Who Needs the Proliferation Security Initiative?

The idea behind the PSI was to interdict North Korea’s trade in weapons and dope, but few would doubt that another purpose is to crimp the regime’s foreign exchange receipts. Yet even while the Bush administration has yet to go full-tilt on PSI enforcement, North Korea seems to be doing a fine job of crimping its own foreign trade by losing ships at an alarming rate. They’ve already lost two in the last week alone.

First, from off the Chinese coast, we learn that a North Korean ship carrying iron ore sank, with the loss of 23 of 35 crew members aboard, including 18 missing and presumed dead. This Web site, which tracks shipwrecks worldwide, identifies the ship as the Ta Mak Gol, built in 1984, weighing 6,711 gross tons.
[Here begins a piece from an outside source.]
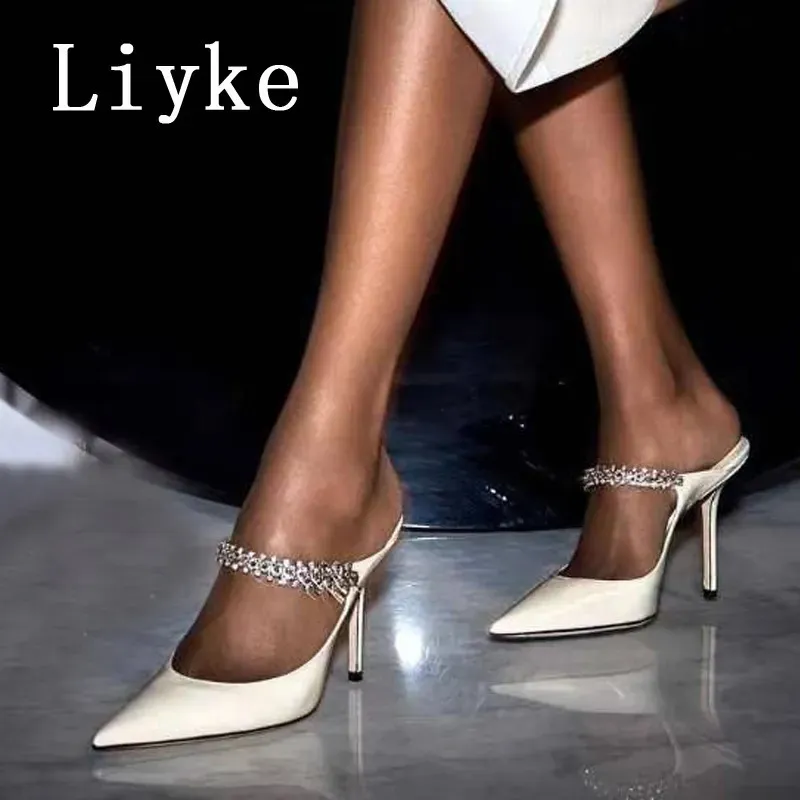 Chaussures de robe Liyke Marque Mode Strass Femmes Pompes En Cuir Blanc Mince Talons Hauts Mules Sandales Sexy Bout Pointu Stiletto Chaussures Pantoufles 231024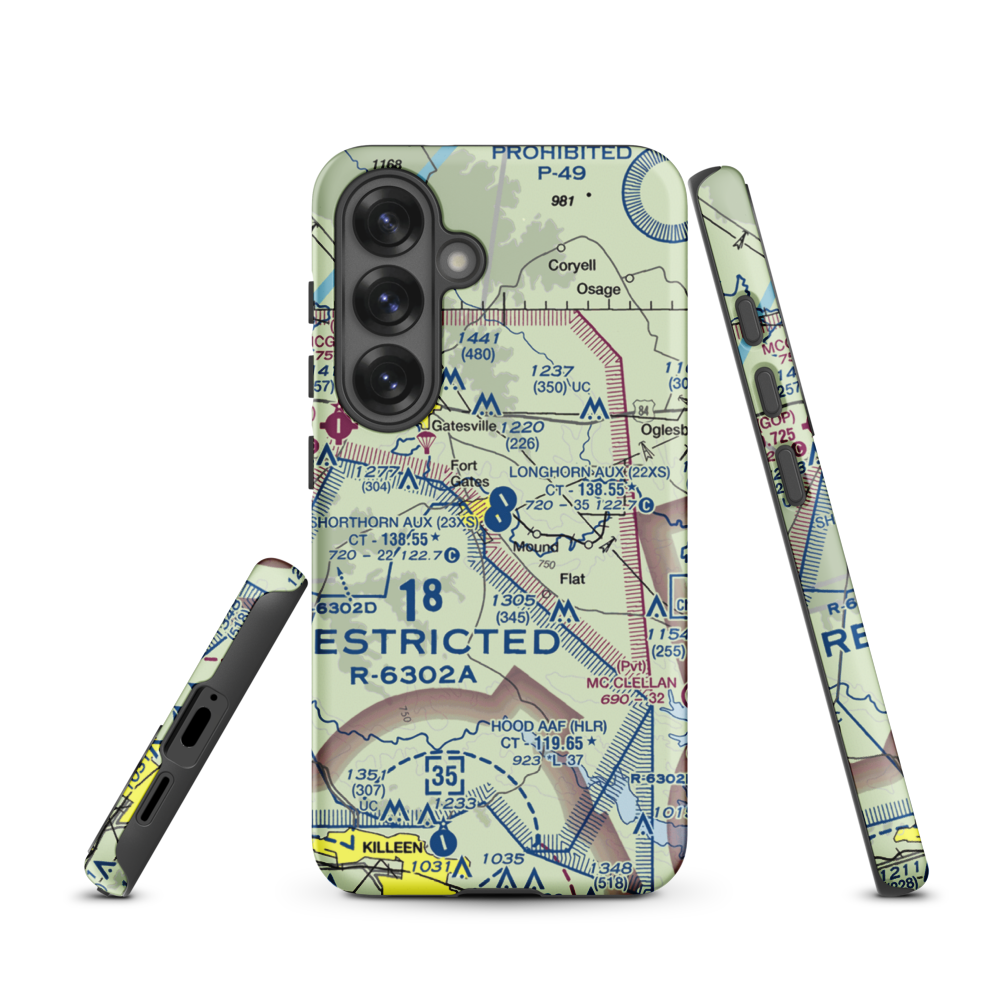 Shorthorn Aux Landing Strip (23XS) VFR Sectional Samsung Phone Case Samsung Galaxy S25 model shown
Yesterday, the wire services carried this report of a North Korean-owned, but mostly Romanian-crewed ship, the Lujin II, sinking after running into rocks off the Algerian coast. Five Romanian crew members were lost, and four other persons were missing. A Spanish helicopter and Algerian sailors managed to save 14 others.

The same shipwreck site also listed three wrecks in 2004. The first of these was the passenger vessel Sontong-5, which ran aground with 24 North Korean citizens aboard in the Kurile Islands–more of those disputed islands in the North Pacific (Russia holds them; Japan claims them). While the passengers and crew waited out a storm for two days, workers on shore tried to establish radio contact, but to no avail. The radios worked fine, but no one on shore spoke Korean, and no one on the ship spoke English or French. The ship appears to have been salvageable, and no lives appear to have been lost. More. In February, the cargo ship Tor 3 ran aground at the Turkish port of Mersin with the loss of 1,800 tons of limestone and, in all likelihood, the ship, which suffered severe damage. In September, the North Korean-flagged, 1,400-ton Ostria, carrying marble from Egypt to Albania, sank in a storm in the Aegean. All 15 crew members were rescued. More.

According to Global Security, North Korea owned 76 cargo vessels in April 2004, of which 10 are under direct control of the North Korean military. Make that 73, unless the North Koreans keep the one that a drunk sailed to the Workers’ Paradise today.